## Working data
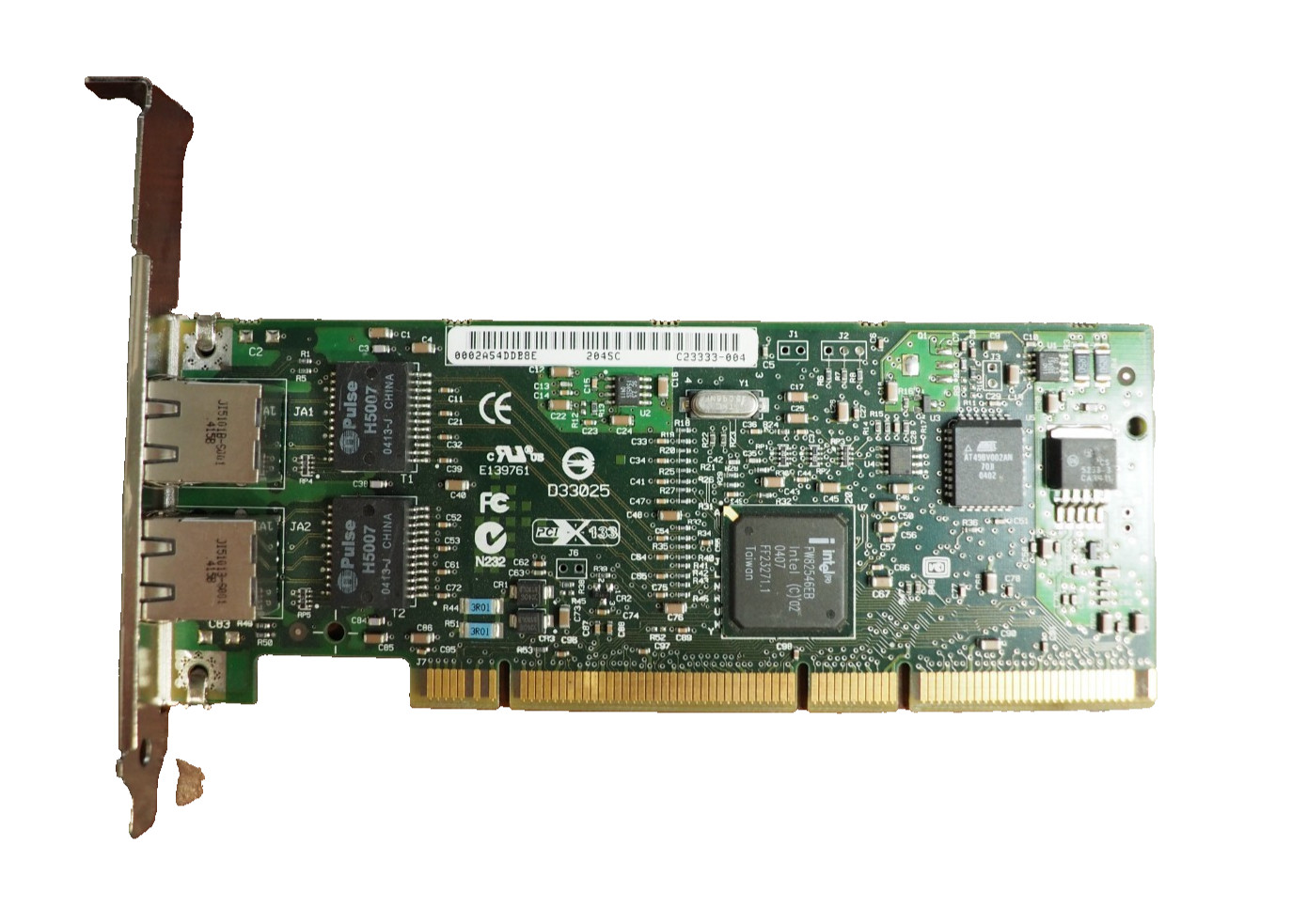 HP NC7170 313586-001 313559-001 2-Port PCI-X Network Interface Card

---

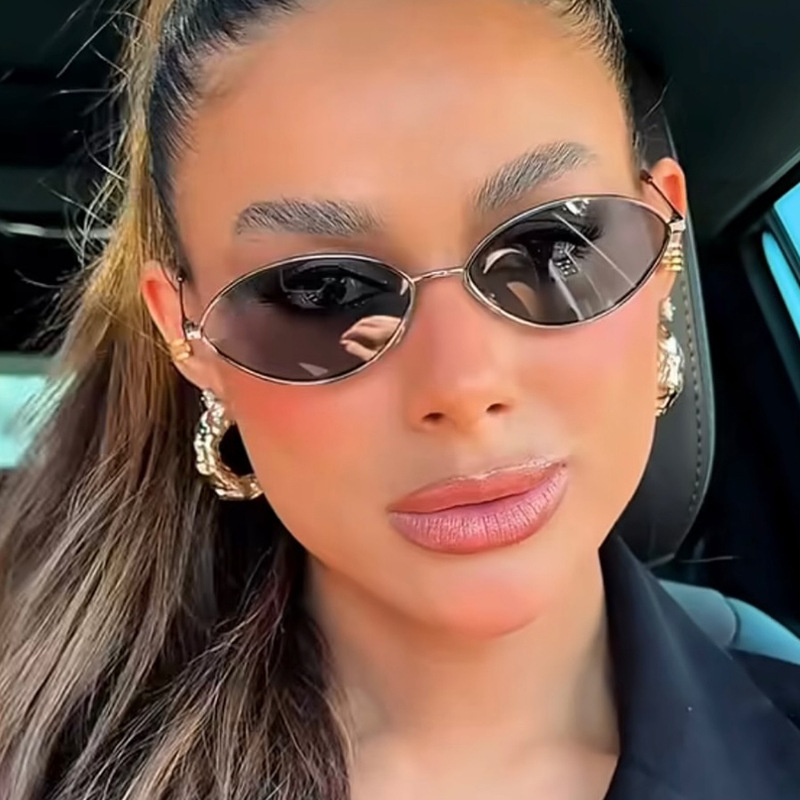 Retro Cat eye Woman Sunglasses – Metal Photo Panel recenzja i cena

---

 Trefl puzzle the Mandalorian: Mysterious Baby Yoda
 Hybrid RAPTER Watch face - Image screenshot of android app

## Task description
Would you please write out, exactly and with no other lines, the stretch of the listing above from the line containing "Trefl puzzle the" through the line containing "Hybrid RAPTER Watch"?

## Result for this task
 Trefl puzzle the Mandalorian: Mysterious Baby Yoda
 Hybrid RAPTER Watch face - Image screenshot of android app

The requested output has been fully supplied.